The HTML Minifier reduces the size of your markup by collapsing the whitespace between tags and, if you choose, removing comments. The visible content of the page is unchanged, but the bytes spent on indentation, blank lines and developer notes are stripped away, producing markup that downloads faster and takes up less space.
It is aimed at developers shipping static pages, email markup or embedded snippets where every kilobyte matters, and at anyone who wants a compact version of a document for storage or transport. Smaller HTML means quicker first paint for visitors and leaner payloads for systems that pass markup around as strings.
Everything runs locally in your browser using JavaScript, so the HTML you paste is never uploaded, logged or stored. That lets you minify unpublished pages, internal templates and markup containing private content without any of it leaving your own device.
Features
- Collapses the whitespace between tags so indentation and blank lines no longer bloat the file.
- Optionally removes HTML comments, stripping developer notes and conditional annotations.
- Preserves pre, textarea, script and style blocks exactly so code and preformatted text survive.
- Reduces the byte size of markup without changing what a browser actually renders.
- Reports the original and minified character counts plus the percentage of size you saved.
- Handles whole documents or small fragments equally well for pages, emails and snippets.
- Copies the minified markup or downloads it as a file ready to deploy.
How to use HTML Minifier
- Paste your HTML document or fragment into the input box.
- Leave the remove-comments option on to strip developer notes, or turn it off to keep them.
- The tool instantly collapses whitespace and produces the compact markup.
- Check the statistics to see how many characters and what percentage you saved.
- Copy the minified HTML or download it as a file to deploy on your site or in your email template.
Benefits
- Smaller HTML downloads faster, improving load time and perceived performance for visitors.

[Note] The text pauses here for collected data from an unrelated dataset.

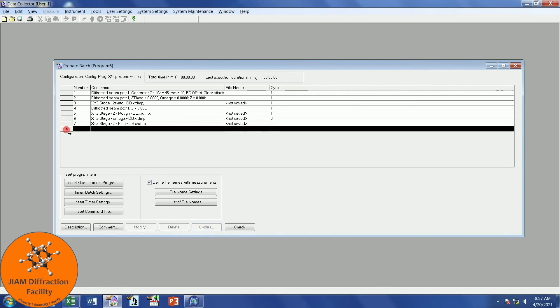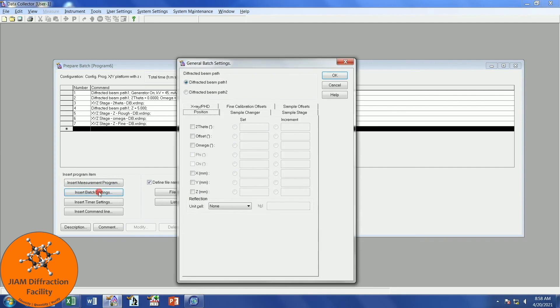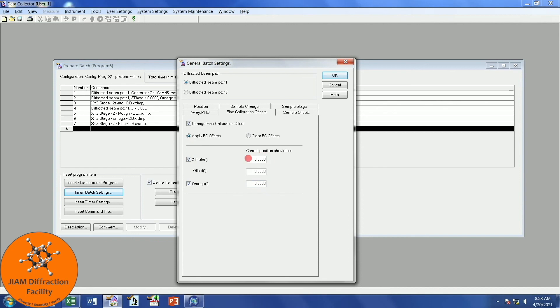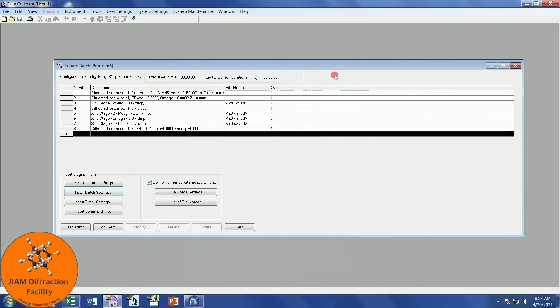Click down here on the last row, and then we will insert Batch Settings. We will go to our Find Calibration Offsets, change them. This time, however, we want to apply offsets. We will put a check mark by left-clicking next to 2 theta and Omega. Make sure that they are both 0. That will save the offset that the program has determined. Click OK, and you have now created your batch program for alignment.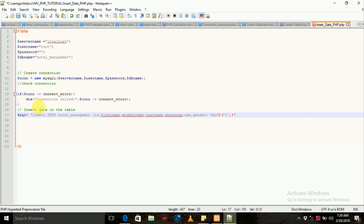First name is John. With John Peter, we have the middle name and last name done.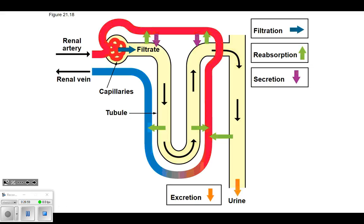And then excretion happens when it leaves there as urine. So those are the four steps: filtration, reabsorption, secretion, and excretion. You can apply it to this diagram - it has lovely colors. Remember, if you print it in black and white, you're not going to have any of those colors and it won't make any sense. Look at it on D2L or print it in color.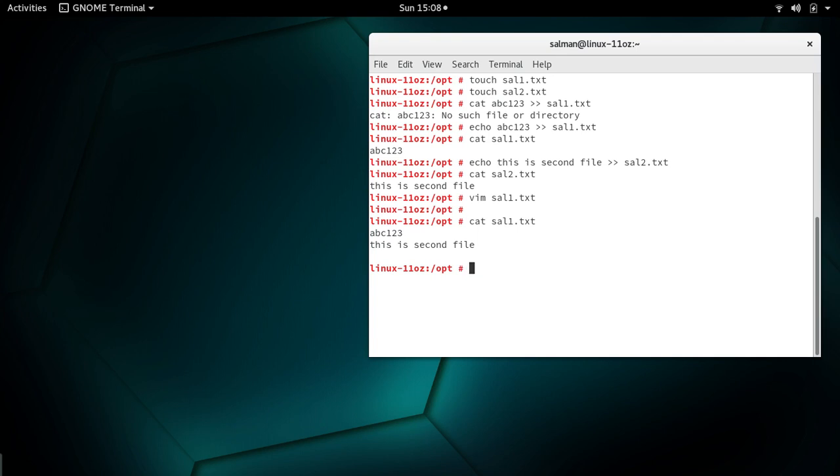This is how you can easily add an external file's content into your current file with Vim editor. Thank you for watching and please subscribe to my YouTube channel. Hope to see you soon in our next video. Goodbye.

- Leaner markup reduces bandwidth costs and payload size for high-traffic pages.
- Removing comments strips internal notes before markup ships to a public page.
- Compact HTML is easier to embed as a string in code, email templates or configuration.
- The size statistics quantify exactly how much smaller the document became.
- Because minification is local, unpublished and private markup never leaves your device.
Whitespace in HTML is mostly for humans. Browsers collapse runs of spaces and newlines when rendering most content, so removing that whitespace between tags has no visual effect while trimming real bytes. The exception is whitespace-sensitive content, which is why the minifier carefully protects pre and textarea blocks along with script and style, leaving their contents exactly as written.
Removing comments is optional because comments sometimes carry meaning. Templating systems and older conditional comments can rely on comment syntax, so you can keep comments when they are load-bearing and strip them when they are merely developer notes. When enabled, comment removal is a quick way to ensure internal remarks never reach a page your visitors can view the source of.
This is a whitespace and comment minifier rather than a full optimiser, so it does not rewrite attributes, remove optional tags or shorten inline styles. That conservative approach keeps the output safe and predictable: what the browser renders after minification is the same as before, just delivered in fewer bytes. For maximum compression you can combine it with server-side gzip or Brotli, which stack cleanly on top.